Johnson touts trade work

Photo by Greg Eans, Messenger-Inquirer.com/geans@messenger-inquirer.com Tia Johnson talks about her experience as a welder at her home on Maple Street on Wednesday. She has an associates degree in welding from Owensboro Community & Technical College.Top of Form

BY SUZI BARTHOLOMY MESSENGER-INQUIRER      
Jan 23, 2017

Before Tia Johnson graduated from Apollo High School in 2001, she knew she was done with school.

“I got good grades, but I didn’t want to go to college,” she said.

After graduation, she moved to Jacksonville, Florida, and attended Tulsa Welding School.

Eventually, she moved back to Owensboro and worked in several factories. That didn’t suit her, either.

“It wasn’t enough for me,” she said. She needed a challenge and more money.

“I was working third shift and not liking it,” she said.

Her life changed more than two years ago when she happened on to a job fair at the Owensboro Convention Center.

Johnson stopped by Millwright Union 1076’s booth.

“I didn’t know what a millwright was,” she said. “I don’t think a lot of people know what they do.”

She talked to a representative of the union.
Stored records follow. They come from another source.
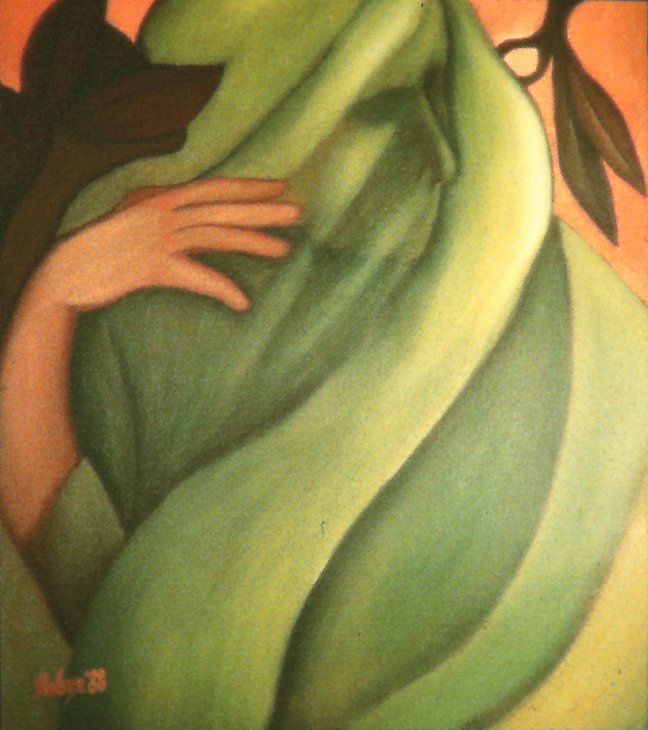 The Green Bride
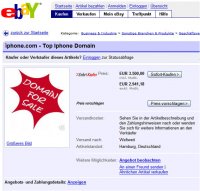 Hier lockt wohl nur das schnelle Geld...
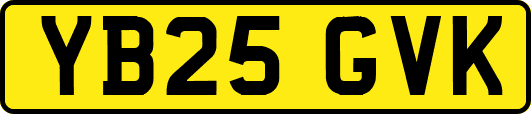 YB25GVK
He called her shortly after and asked her to apply to the union’s apprentice program.

As an apprentice, she has worked many millwright jobs that include the installation, dismantling, repair, reassembly and the moving of machinery in factories, power plants and construction sites.
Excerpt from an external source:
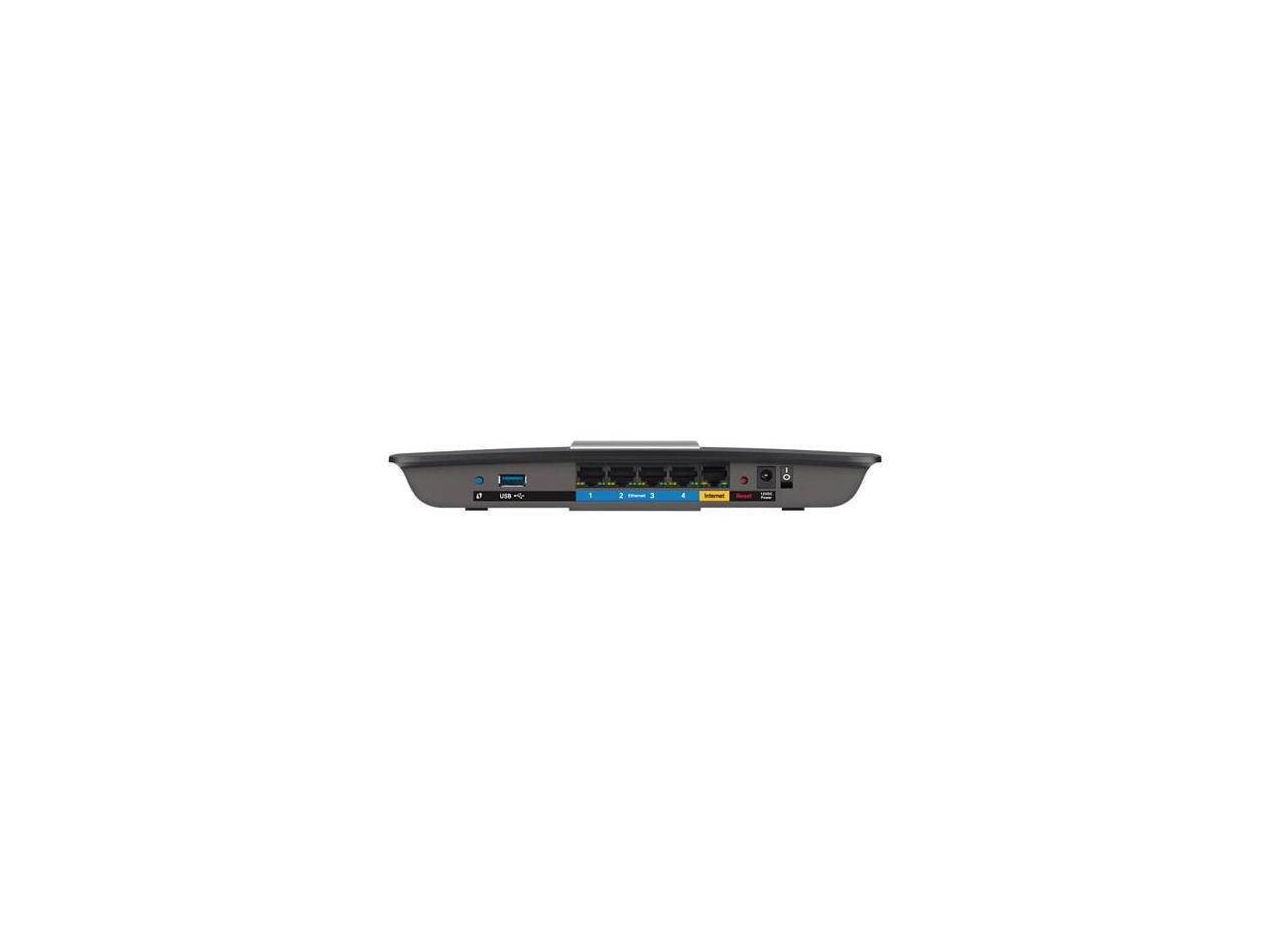 Linksys AC1600 Dual-Band Smart Wi-Fi Router with Gigabit & USB AC1600 Dual-Band Smart Wi-Fi Router with Gigabit And USB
“I wish I had known this when I graduated from Apollo,” she said.

Johnson is more than two years into a three-year apprenticeship with her union.

“It’s on-the-job training with pay,” she said.

She will graduate from the program with an applied science degree from Ivy Tech in Indiana.

Johnson, 33, would like to get the message to high school graduates who are not interested in a four-year degree but want to further their education with a skill.

“This trade (millwright) is good for women,” she said. “You have to keep up with the men, but that’s only fair because we earn the same pay as the men.

“I learn something every day,” Johnson said.

“While in apprenticeship, we don’t work alone,” she said. “We work with at least one journeyman.”

A person will do well as a millwright if he or she respectful, disciplined and willing to work, she said.

The millwright’s creed states: “The person who works with his hands is a laborer; the person who works with his hands and his head is an artisan; the person who works with his hands, his head and his heart is a union millwright.”

She said everyone she’s worked with is respectful and helpful.